I looked at him. “Really?” I said.

“Everything was on the table,” he said. “I actively talked about killing myself. I actively talked about never performing again, just leaving the theater and never performing again. We talked about getting divorced. Very openly.”

“How was your wife during this?” I said.

“She was making sure I wasn't alone,” Mike said.

“When was all of this happening?” I asked.

“The very worst part of the scandal was before anyone knew of the scandal,” he said. “There was a week between my interview with Ira and the show airing. During that week, I began to disassociate onstage. I was falling apart. I would freeze as I was doing the show. I would feel my mind take itself apart. That was the worst part. It was fucking terrible, the fear, and the feeling that you will dissolve.”

“What were you most scared of?”

“I was terrified that I would no longer be able to tell the narrative of my life,” Mike said, “that every time I performed onstage his judgment of me would echo forever, deciding who and what I was.”

“So what changed?”

Mike didn't reply for a while.

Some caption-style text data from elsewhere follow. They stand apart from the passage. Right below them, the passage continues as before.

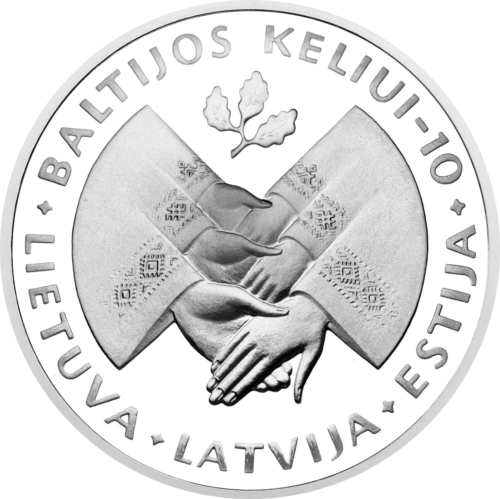 1999 Lietuva Baltijos kelio 10-metis 50 litų sidabrinė moneta (1)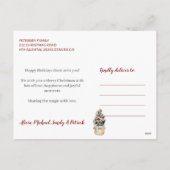 メリークリスマスモダン家族の冬のフローラ写真 シーズンポストカード (裏面)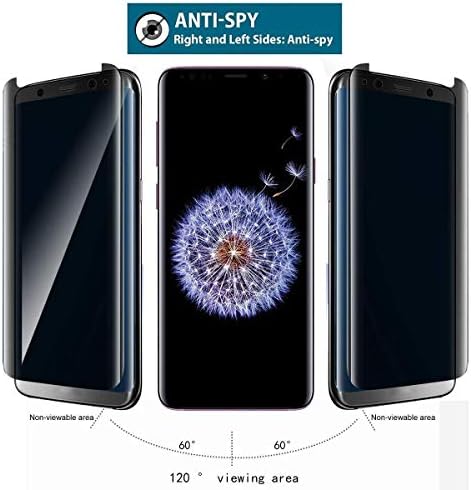 Galaxy S9 Plus Plus Ecter Pratector Privation Temered Glass, YMH Anti Spy Anti-Bratch Bubble Free Case Friendly Easy Install 3D 9H тврд заштитник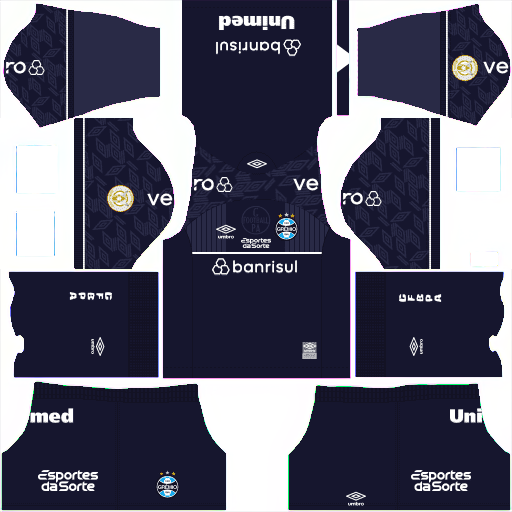 Kit / Uniforme POR Visitante Gremio 2023 Dream League Soccer 2019 / FTS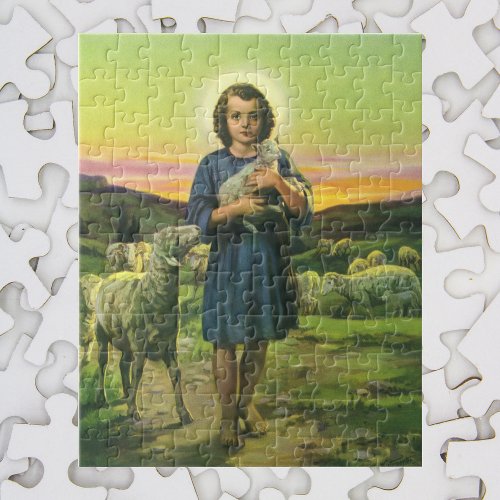 Vintage Jesus Christ the Shepherd with Baby Lamb Jigsaw Puzzle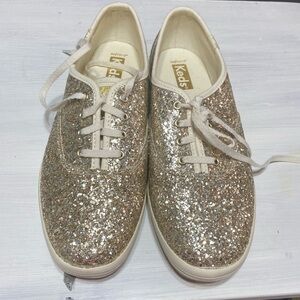 Gold glitter keds 7W womans shoes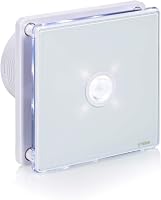 STERR Fürdőszobai Ventilátor Üveg Előlappal - Fehér, 100mm, Energiatakarékos Elszívó, Csendes Működésű Szellőztető 1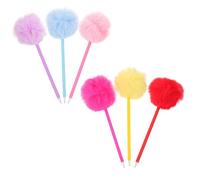 TEHAUX 6pcs Back to School Ballpoint Pen Pack with Plush Ball Pom Pen Design Featuring Comfortable Grip for Students in School or Journal Use
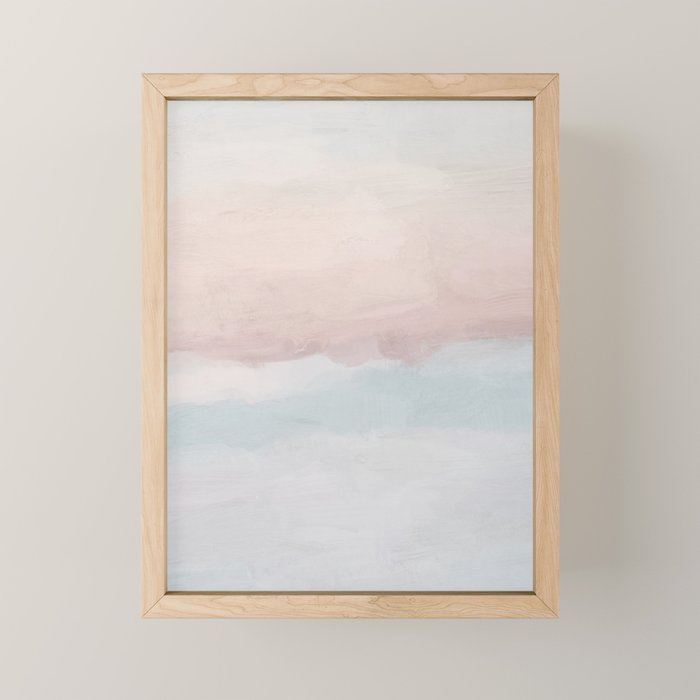Soothing Seas II - Soft Pink Blue Sunrise Horizon Ocean for Nursery II Abstract Coastal Painting Art Mini Art Print Gallery Image 1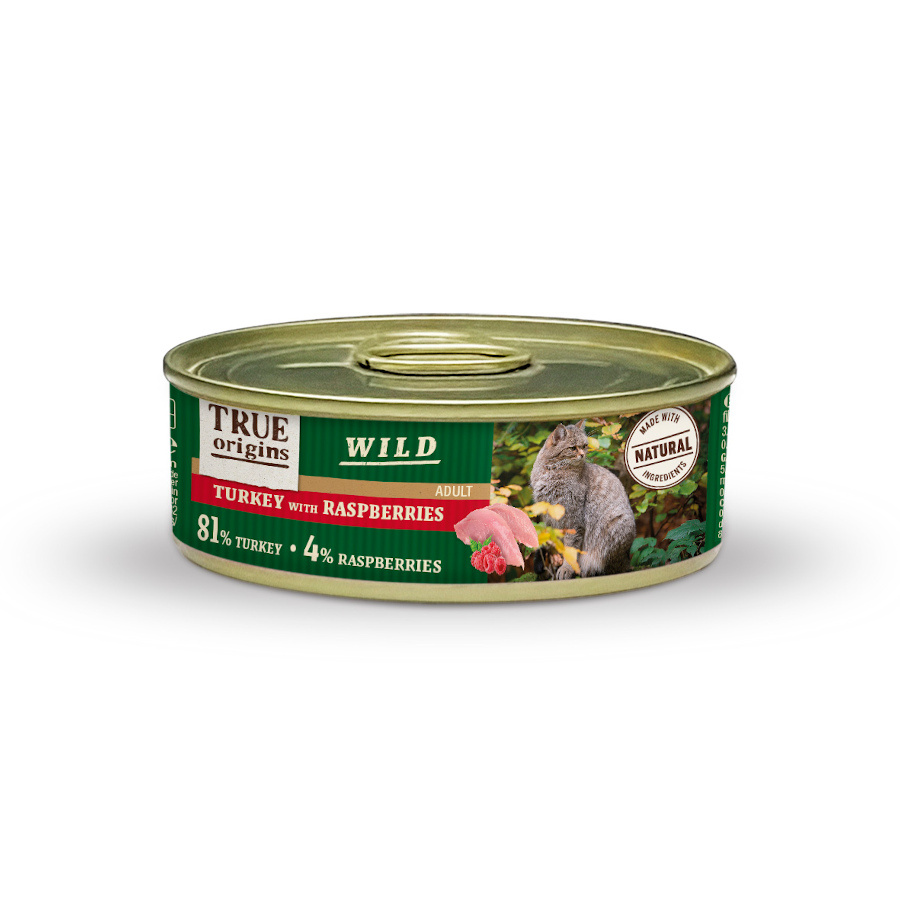 12 latas x 85 g True Origins Wild Adult de Peru e Framboesa lata para gatos Pack poupança!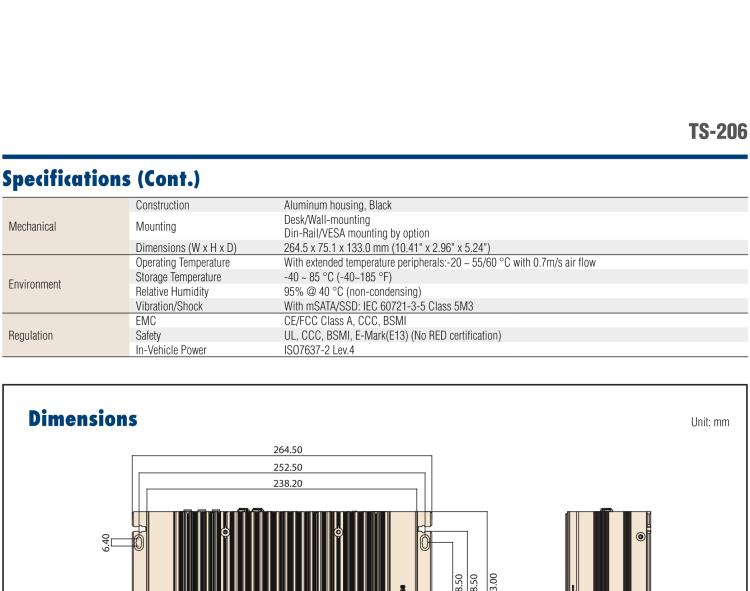 研華TS-206 車載全高清NVR w/4 PoE端口，第6代Intel Core i7 6600U /Core i5 6300U SoC無風(fēng)扇工控機(jī)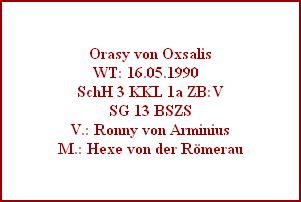 Orasy von Oxsalis
WT: 16.05.1990  
SchH 3 KKL 1a ZB:V
SG 13 BSZS
V.: Ronny von Arminius
M.: Hexe von der Rmerau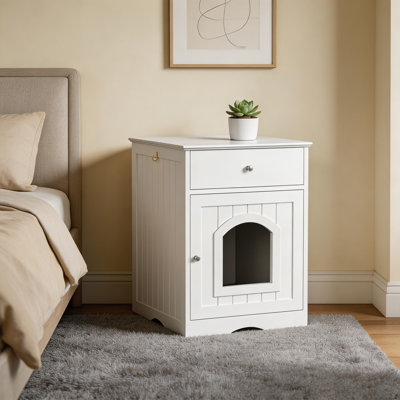  Enceinte de litière pour chat en bois massif avec tiroir, meubles cachés pour litière pour chat, maisonnette d'intérieur avec trou pour chat, couvercle de litière facile à assembler pour salle de bain, chambre à coucher, salon, blanc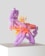 A modern, abstract sculpture composed of intertwined purple and red organic shapes within a white geometric frame. Yellow specks and tendrils add dynamic movement, giving the impression of growth or energy.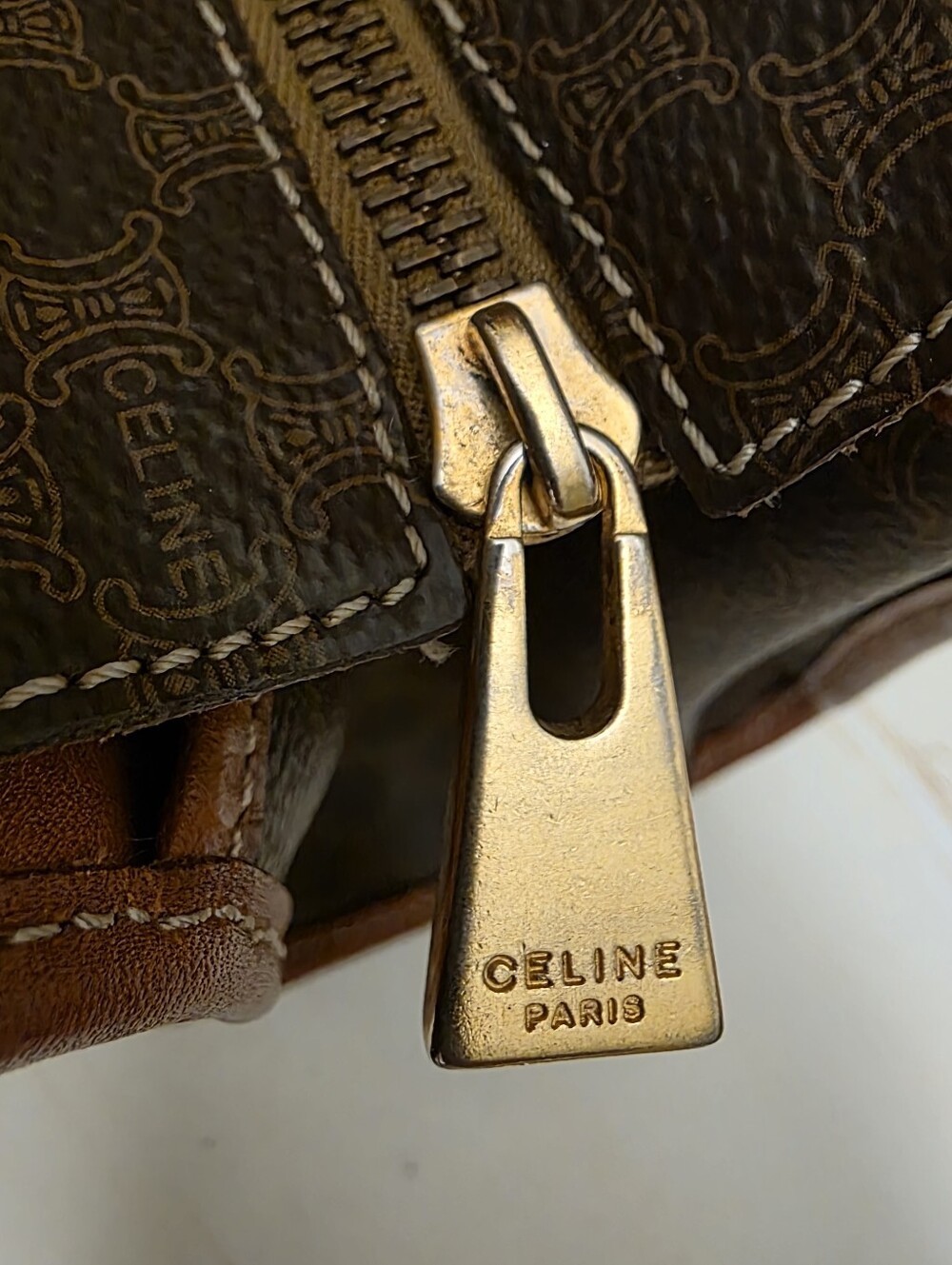 Celine | Brown Macadam Top Handle Handbag - Picture 5 of 14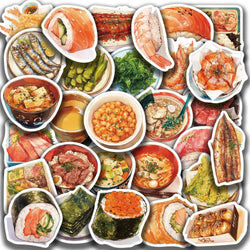 30Pcs Japanese Gourmet Food Stickers for Laptop Scrapbook Waterproof Cartoon Graffiti Decals Cute Sticker Toys Decor (ONLINE ORDER ONLY)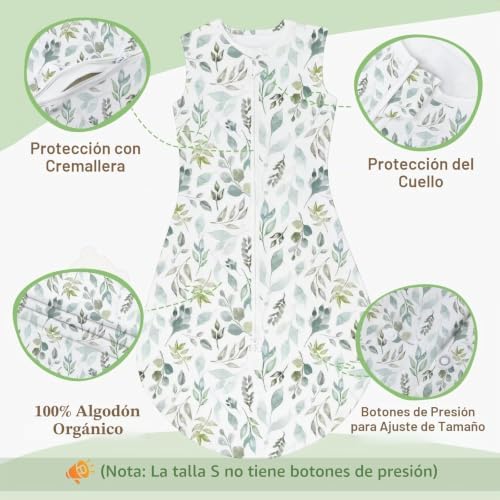 Saco-cama para bebés de verão, saco-cama unissex de 0,5 tog para bebés dos 18 aos 36 meses, algodão 100% respirável, saco ajustável de 85 a 100 cm, padrão de folhas verde-escuras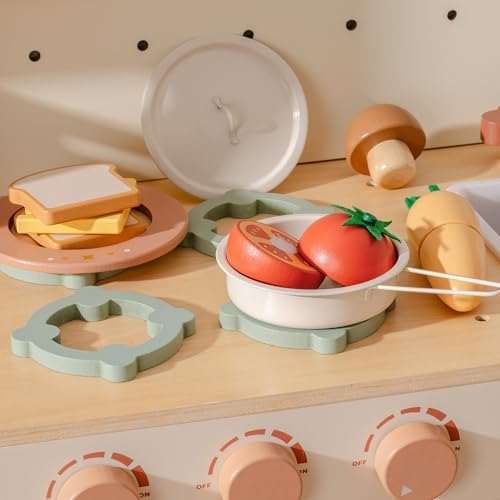 ROBUD Holz Lebensmittelset für Kinderküche – Spielküchen Zubehör mit Aufbewahrungstasche, ideale Geschenkidee ab 3 Jahre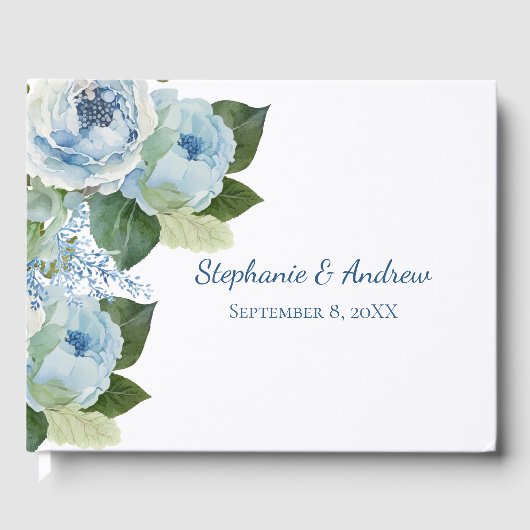 Blue White Floral Élégant Mariage Livre d'invités (Recto)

Then he said, “When Ira first asked me if I wanted to tell the story on his show, I thought,
This is a test. If I really believe in this, then the cowardly thing would be to not do the story. If I bury it, nothing will change
.” He paused. “I knew that the story would explode in the consciousness, and then it would explode for me.”

I frowned. “You're saying you knew from the beginning that you'd be exposed?”

Mike nodded. “What happened on that lake showed me that there's a door,” he said. “And the door is open a crack. And you can feel it. You can just die. You see? Once you accept that, it brings clarity. You want to do something in the world? Be willing to throw your life away. I was, ‘Fine. I'll throw my life away. Fine.'”

“What about the risk that the scandal, instead of shining a light on what was happening in China, would turn the light off?” I said.

“I would have worried about that a lot,” Mike replied. Then he corrected his phrasing. “I worried about that a lot,” he said. “I was really worried about that.”

He could see me looking uncertainly at him.